↓↓↓
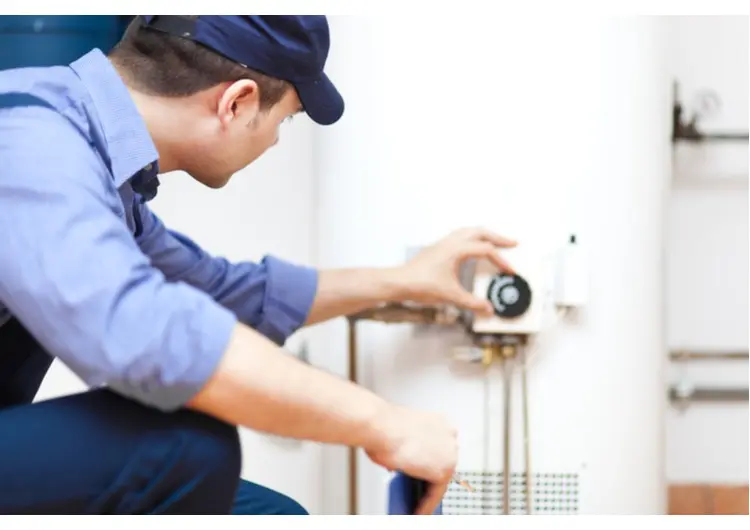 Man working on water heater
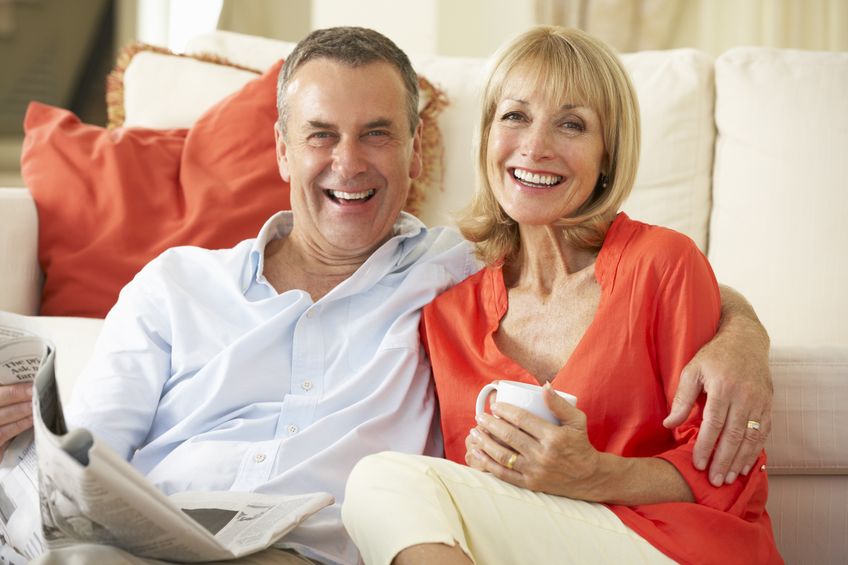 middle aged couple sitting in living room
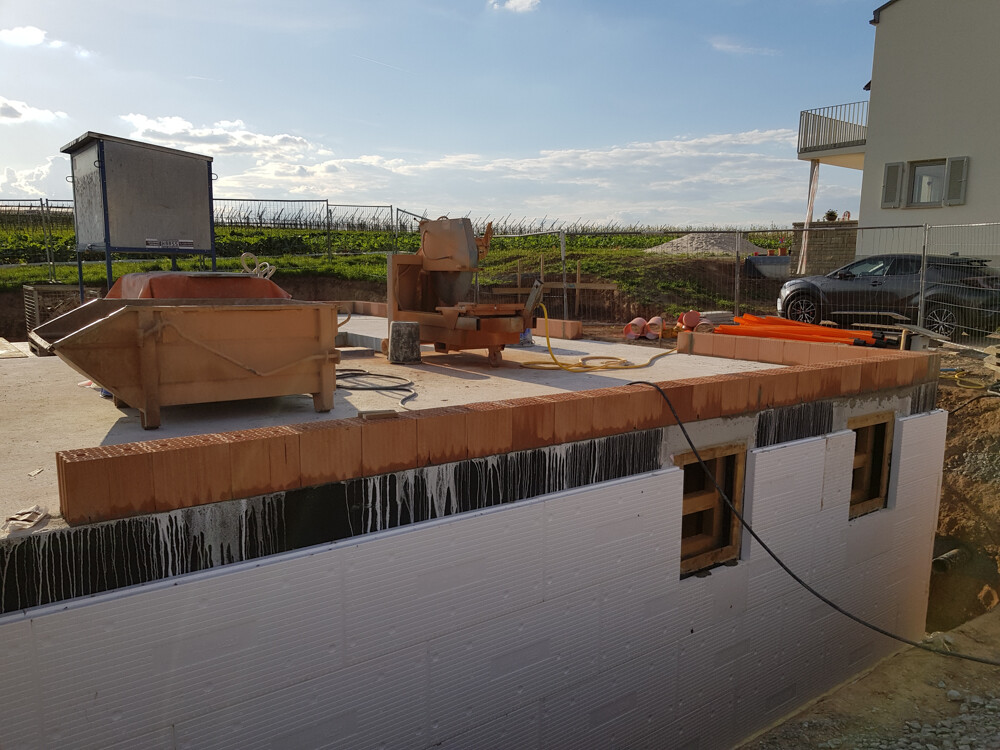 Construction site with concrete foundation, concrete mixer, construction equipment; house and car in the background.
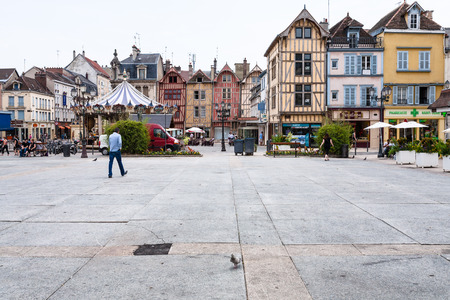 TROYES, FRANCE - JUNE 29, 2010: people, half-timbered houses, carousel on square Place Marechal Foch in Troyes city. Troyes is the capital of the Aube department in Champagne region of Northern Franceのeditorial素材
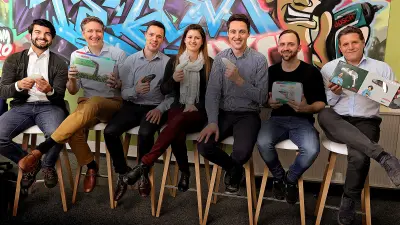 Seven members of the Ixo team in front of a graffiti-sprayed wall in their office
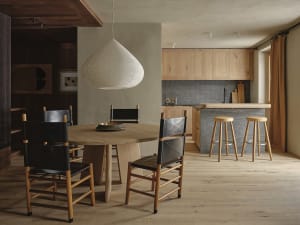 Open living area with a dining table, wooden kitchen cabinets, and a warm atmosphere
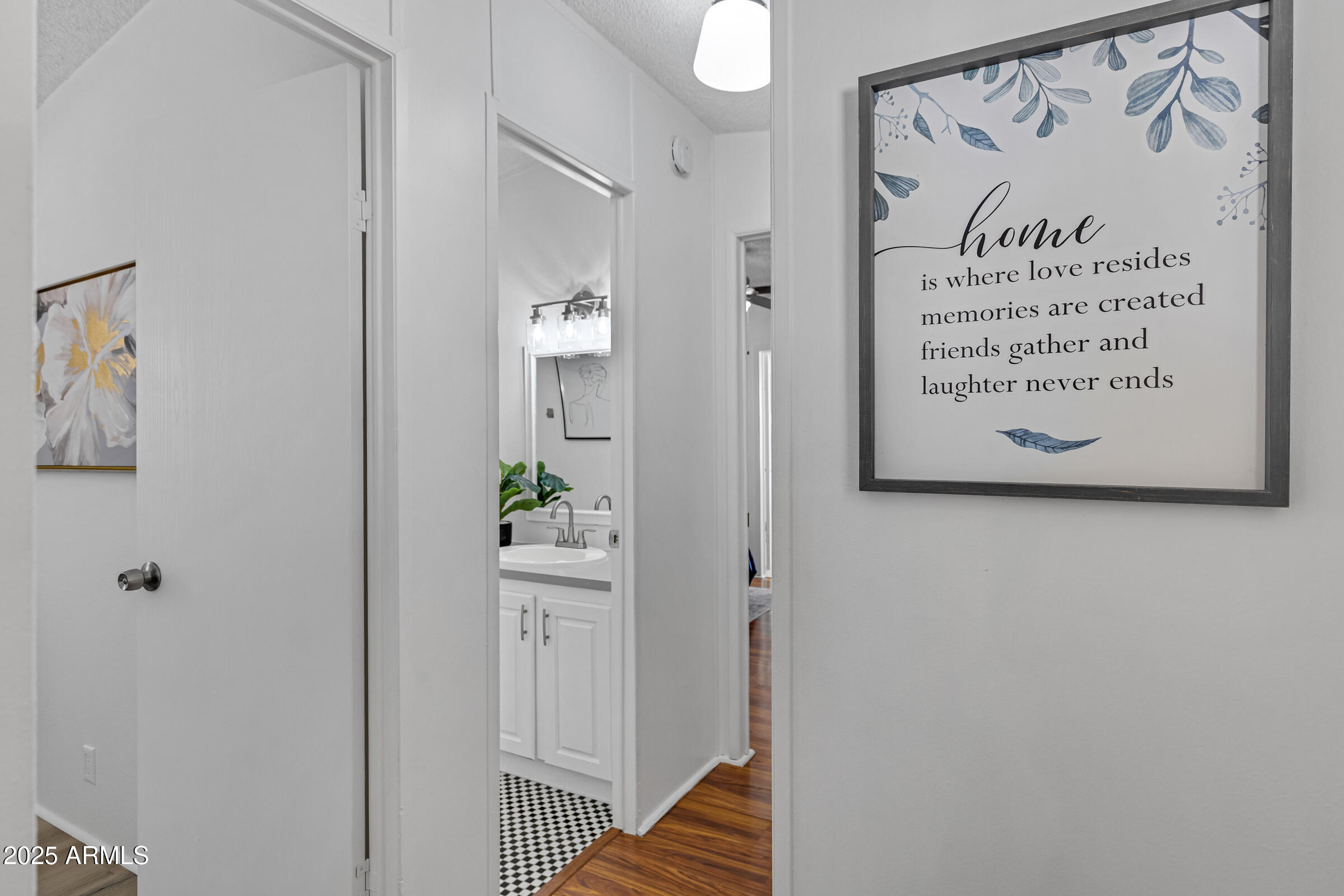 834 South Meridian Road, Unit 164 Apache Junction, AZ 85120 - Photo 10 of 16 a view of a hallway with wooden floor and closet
↑↑↑
Assignment> Exact reproduction is required for the lines from the one containing "Seven members of" through the end of the material, and for those lines only, without pictures.

Response to this exercise>
 Seven members of the Ixo team in front of a graffiti-sprayed wall in their office
 Open living area with a dining table, wooden kitchen cabinets, and a warm atmosphere
 834 South Meridian Road, Unit 164 Apache Junction, AZ 85120 - Photo 10 of 16 a view of a hallway with wooden floor and closet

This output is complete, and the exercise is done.